▶ [Exercise]
Word for word, print out all of the data, omitting every image.

▶ [Supplied data]
►

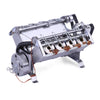 V8 High Speed Engine Model Electromagnetic 8-cylinder Car Engine Working Principle Stem Toy - stirlingkit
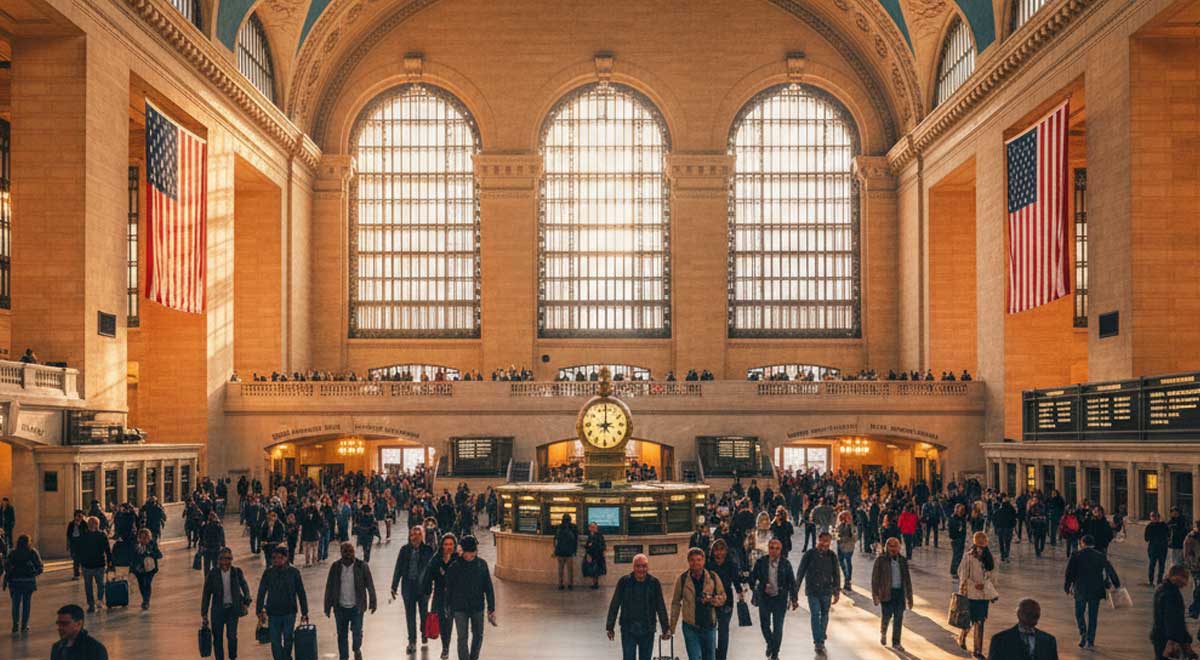 Grand Central Train Station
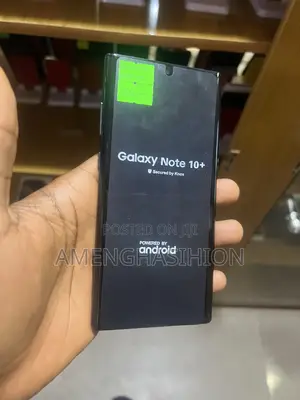 Samsung Galaxy Note 10 Plus 5G 256 GB Silver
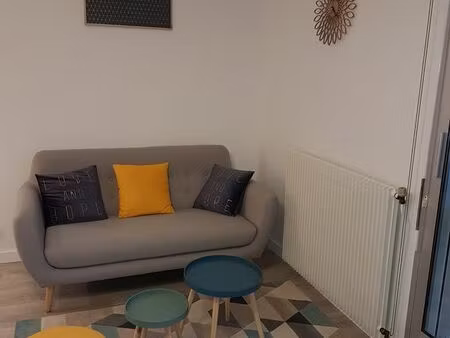 bel appartement entièrement meublé centre ville quimper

◄

▶ [Result]
 V8 High Speed Engine Model Electromagnetic 8-cylinder Car Engine Working Principle Stem Toy - stirlingkit
 Grand Central Train Station
 Samsung Galaxy Note 10 Plus 5G 256 GB Silver
 bel appartement entièrement meublé centre ville quimper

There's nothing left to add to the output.